A special story called "The Excellent - Kekko Kamen Gaiden" (THE エクセレント ～けっこう仮面外伝～), written by Shinobu Inokuma with co-operation from Nagai, was published in Business Jump in June 2011. It takes place many years after the original manga where a new Kekko Kamen, whose secret identity is a new teacher in a new school owned by the remaining factions of the Toenail of Satan, protects young female students from the evil members of the organisation unfortunately one of them catches her. She is held prisoner until the original Kekko Kamen rescues her and they both defeat him, with the original telling her successor that some of the remains of the Toenail of Satan may have spread all over the world and that she will keep on fighting alone but she was proud of her successor that if she's gone she and her successors after her will always protect the young female women from evil by using her namesake.

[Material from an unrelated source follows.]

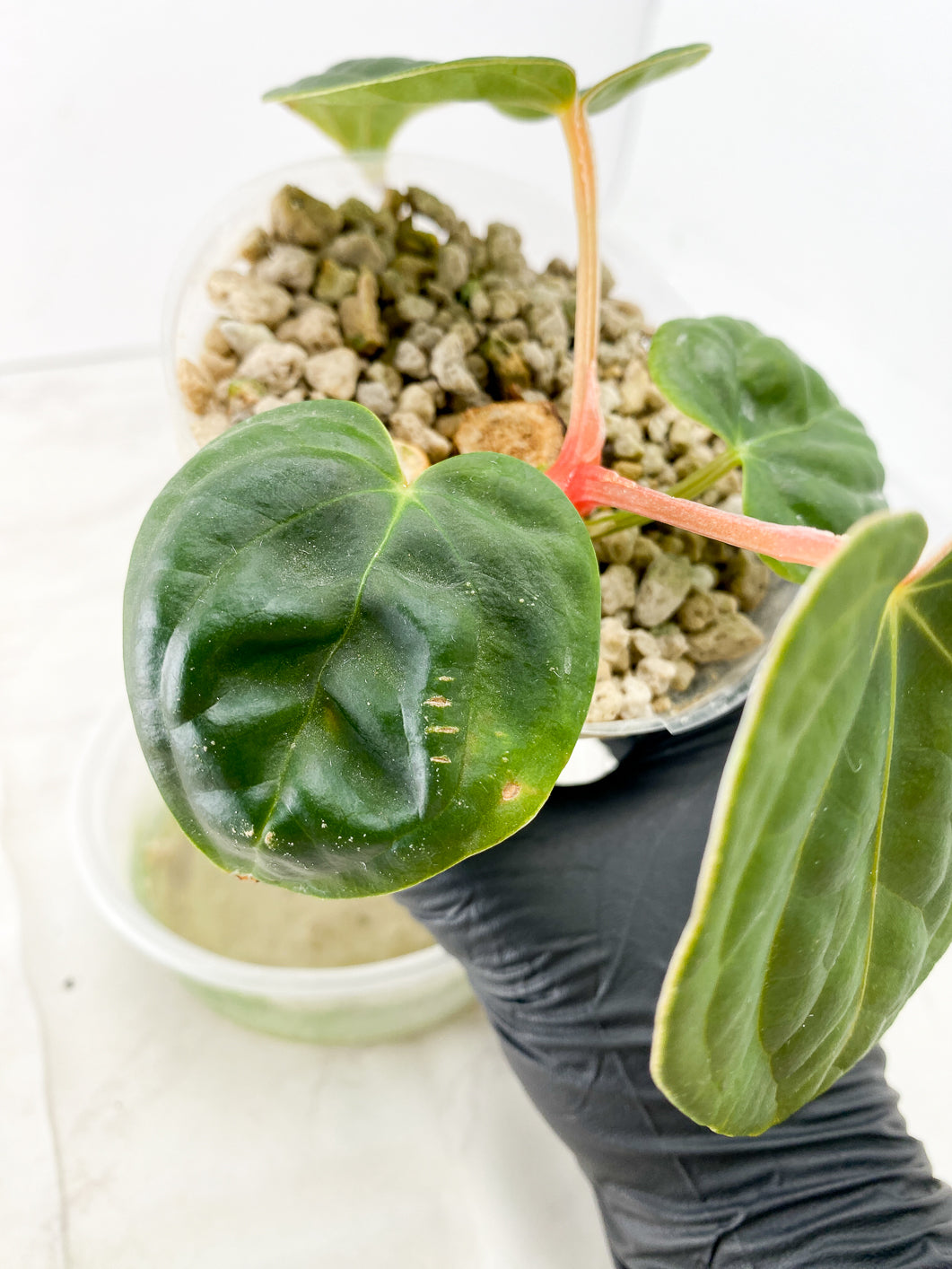 Anthurium Luxurians x Regale 4 leaves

A one-shot crossover featuring Go Nagai's Kekko Kamen and Mazinger Z characters was written by Takeshi Okano and published in Grand Jump on January 16, 2013.

==Reception ==
Stig Høgset of Them Anime Reviews gave the Kekko Kamen OVAs two out of five stars, called the art passable, and clarified that while the jokes are smutty, they never get offensive.

Reviewing for Anime News Network, Theron Martin wrote "Kekko Kamen is great (if nonsensical) fun as long as you're an adult who can appreciate oodles of fan service and raunchy, sometimes utterly tasteless, humor." He cited the humor as a highlight, but felt the production values were mediocre.

Martin gave a much more negative review of the live action Kekko Kamen: Mask of Kekkou (also known as Kekko Kamen New), saying it came off as "exploitive and cruel rather than the campy, whimsical work it should have been." He called the writing amateurish and the acting even worse.

Angel Blade is a hentai parody OVA of Kekko Kamen produced in the Vanilla Series.

American heavy metal musician Rob Zombie used clips of the Kekko Kamen OVA during the 2010 Mayhem Festival and 2022 Freaks on Parade tours during the song "Never Gonna Stop (The Red Red Kroovy)".